Guest Opinion: Composting for All

Drop-off sites will do for now, until curbside composting expands to Manhattan on October 7, 2024. | Image via nyc.gov

BY NYC MAYOR ERIC ADAMS | New Yorkers know that rats love trash bags full of food waste. And they know that I hate rats. This week, our Administration declared that Restaurant Week for rats in this City is finally over.

For too long, New Yorkers have had to bring their compost to neighborhood drop-off sites, or deal with one-off collection programs that weren’t designed to reach everyone. This meant mountains of trash bags on our sidewalks, attracting rats day and night.

New Yorkers have been saying loudly that they want a compost program across the City—they want the rat food out of the black bags and out of the landfills once and for all. For over 20 years, New York City has been trying to achieve citywide curbside composting that actually WORKS for everyone.

We are finally getting it done. By the fall of next year, New Yorkers in all five boroughs will be able to put their yard waste and food scraps out on the curb year-round, in the simplest, easiest, most efficient curbside composting program ever.

No more carrying your banana peels to neighborhood drop-off sites or bagging up fall leaves to be thrown in the garbage. New Yorkers across all five boroughs will be able to compost kitchen scraps and yard waste every week on their recycling day. What could be more convenient for us, or more upsetting for the rats?

Starting March 27 of this year, composting service will restart in Queens after a brief winter pause. It will never take a seasonal break again. On October 2, we will roll out composting in all of Brooklyn, followed by service in Staten Island and the Bronx in March 2024.  And on October 7, 2024, we will expand composting to all of Manhattan, creating the largest citywide composting program in the country.

This is a new, free, universal service for New Yorkers, and we’re making it as easy and straightforward as possible. You can use our Brown Bin or your own bin – no more complicated rules. And you can compost everything from vegetable scraps to coffee grounds and chicken bones. We like to say, “If you cook it or you grow it, you can throw it.”

Our pilot program in Queens kept nearly 13 million pounds of kitchen and yard waste out of our landfills in just three months. That’s more than the weight of 300 city busses! Imagine the impact when we expand that to 8.5 million New Yorkers across all five boroughs.
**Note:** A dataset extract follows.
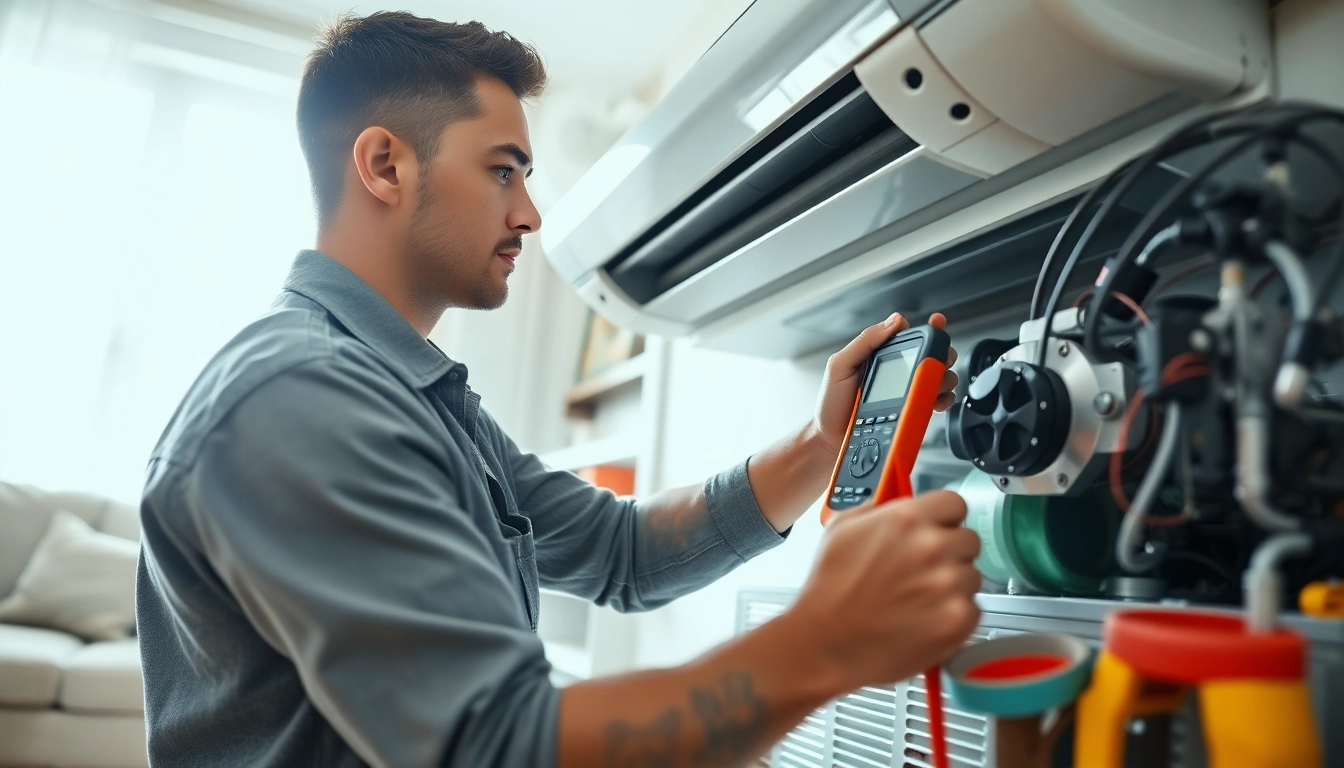 Expert providing HVAC Repair Tampa services, showcasing a technician fixing air conditioning.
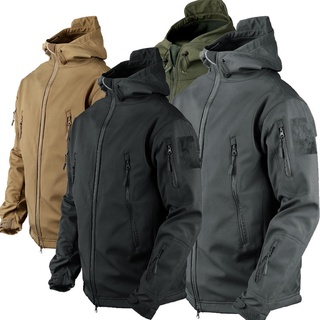 Tactical Military Waterproof Jacket Men Outdoor Shark Skin Soft Shell Fleece Coats Camouflage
This is about more than making life easier for families and homeowners – and worse for rats. It’s about improving our environment and quality of life across the board. New York City produces over a million tons of food waste every single year. Right now, we know that 1/3 of all material in our refuse stream is compostable material, which goes to landfill and decomposes over YEARS, releasing harmful methane gas.

Instead, we’re going to capture and use that waste ourselves to make usable soil, biosolids, and renewable energy. Under this new program, some of the material will be composted at our facility on Staten Island and other places around the country; other material will be turned into usable natural gas and biosolids by the Department of Environmental Protection right in Brooklyn.
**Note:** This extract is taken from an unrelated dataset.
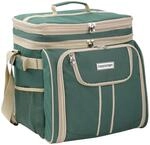 anndora Picknicktasche gr&uuml;n beige K&uuml;hltasche inkl. Zubeh&ouml;r 4 Personen 29 Teile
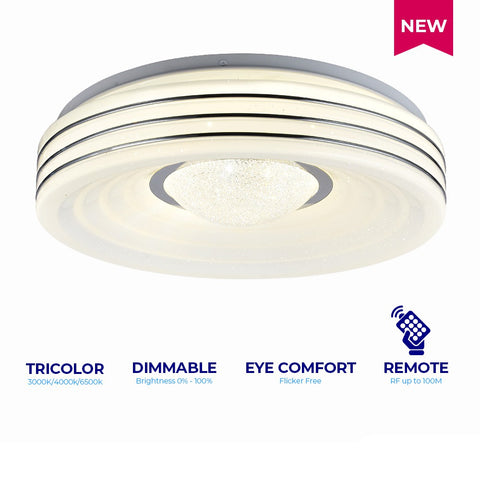 Lightforce Low Ceiling Lamp HFX 0775A-350 CH Tricolor + Dimmable W/ RF REMOTE CONTROL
And all of that compost can be used by New Yorkers to grow healthy food. The soil will return to our parks, planters, and personal gardens. People will be able to pick this up for free. And those who love gardening or growing urban farms can grow fresh, healthy food right here in New York City.

I want to thank everyone who has made this possible, including the Queens residents who led the way, separating their compost and making the pilot program a success.

We are making composting easy in every corner and in every neighborhood in New York City.

This is huge win for cleanliness, a huge win for sustainability, and the environment we all share as New Yorkers. The only ones that lose are those rats.